Provo un brivido eccitante quando sento le goccioline di sperma rappreso nella stoffa che mi sfiorano le labbra. Loro sono leggermente fresche ma io mi sento calda; entrambe però siamo bagnate.

Ancora guardandomi dritto nello specchio divarico leggermente le gambe e inizio a toccarmi. Mentre le mie sottili dita s’insinuano nel mio sesso ansimo. La Valeria che sto guardando allo specchio e rossa in viso, bocca leggermente aperta e capelli in assoluto disordine.

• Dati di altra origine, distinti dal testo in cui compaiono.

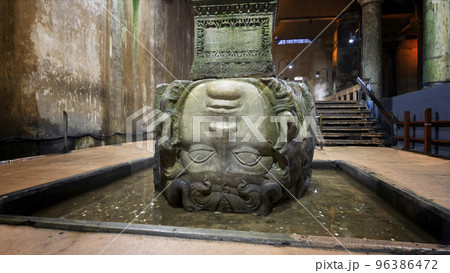 Head of the Medusa Gorgon in the underground tank Basilica, Istanbul, Turkey 96386472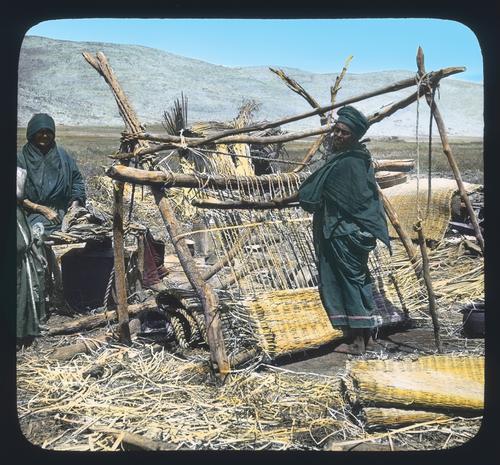 Bedouin woman weaving papyrus mats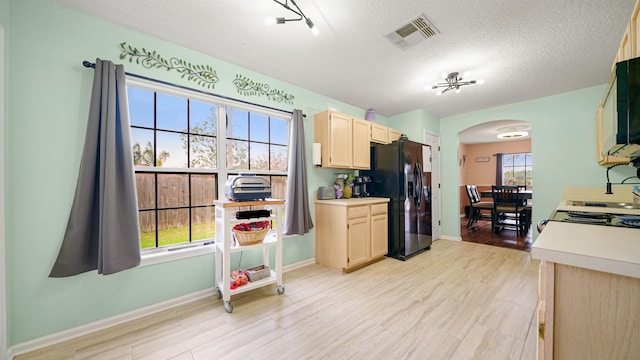 kitchen featuring black fridge, a wealth of natural light, and a textured ceiling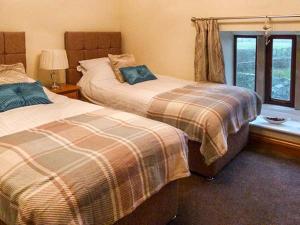 sypialnia z 2 łóżkami i oknem w obiekcie Orcaber Cottage w mieście Austwick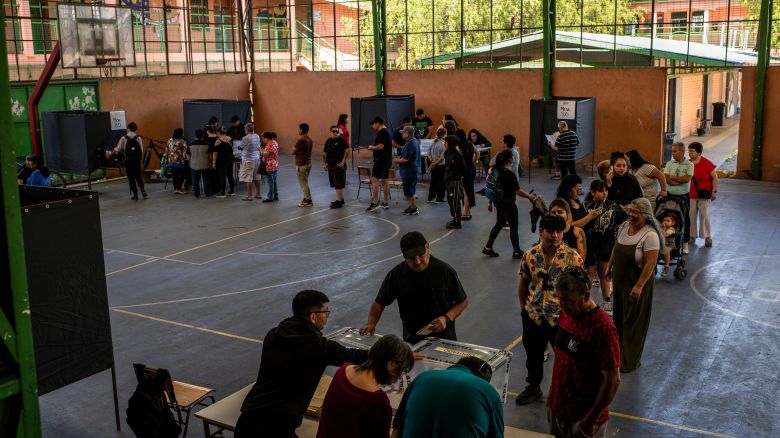 Voters wait in line to cast ballots at a polling station during the presidential election in Santiago, Chile, on Sunday.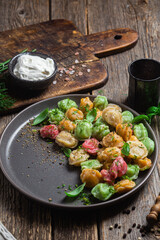 colorful dumplings in a bowl with sauce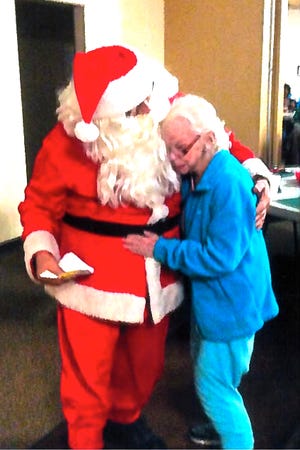 Santa Claus (aka Ken Howe) with Etty Seyler.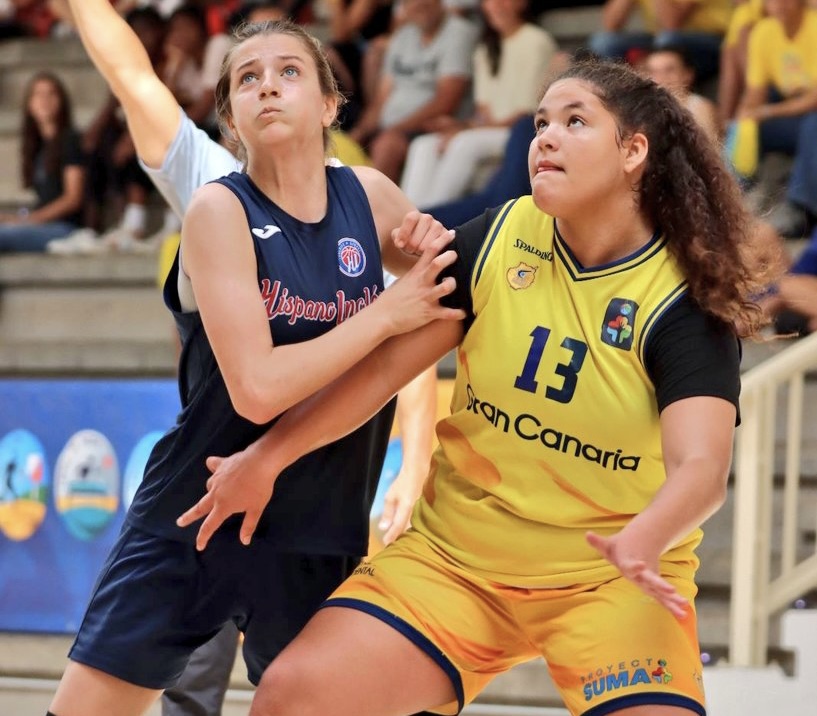 Dos jugadoras de baloncesto compiten por el rebote en un evento deportivo.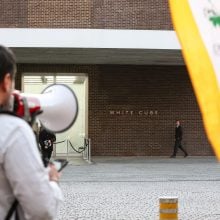 a protestor with a bull horn stands outside of an art gallery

Le gambe mi si fanno molli, m’inginocchio sul posto, poi mi siedo. Continuo a sfiorarmi il clito, spingo la punta delle dita attraverso la stoffa delle mutandine e mi tocco le labbra. Gioco con le mutandine stringendole nella mano, facendole strisciare in mezzo alle labbra.
Sapere che lo sperma di quello sconosciuto sta raggiungendo i miei luoghi nascosti mi eccita oltremodo. Le dita si fanno sempre più veloci.

Dopo un’eternità di estasi vengo. Liquido esce dalla mia figa e mi cola tra le dita. Probabilmente urlo, ma godo così intensamente che neanche me ne accorgo. Continuo a toccarmi ancora un poco approfittando del massimo momento di sensibilità del mio sesso. Per un istante chiudo gli occhi, poi torno a fissarmi colpevole allo specchio.

Lentamente mi sfilo le mutandine. Le prendo tra le mani e inizio a osservarle. Ora sono veramente quasi tutte bagnate, e in mezzo sono quasi fradice. Le porto vicino al naso, anzi ci sprofondo la faccia dentro. Avverto un odore strano come di sciroppo misto a sapone e muschio, ma è buono, è il mio odore. Mi sento appagata, felice ed anche un po’ colpevole.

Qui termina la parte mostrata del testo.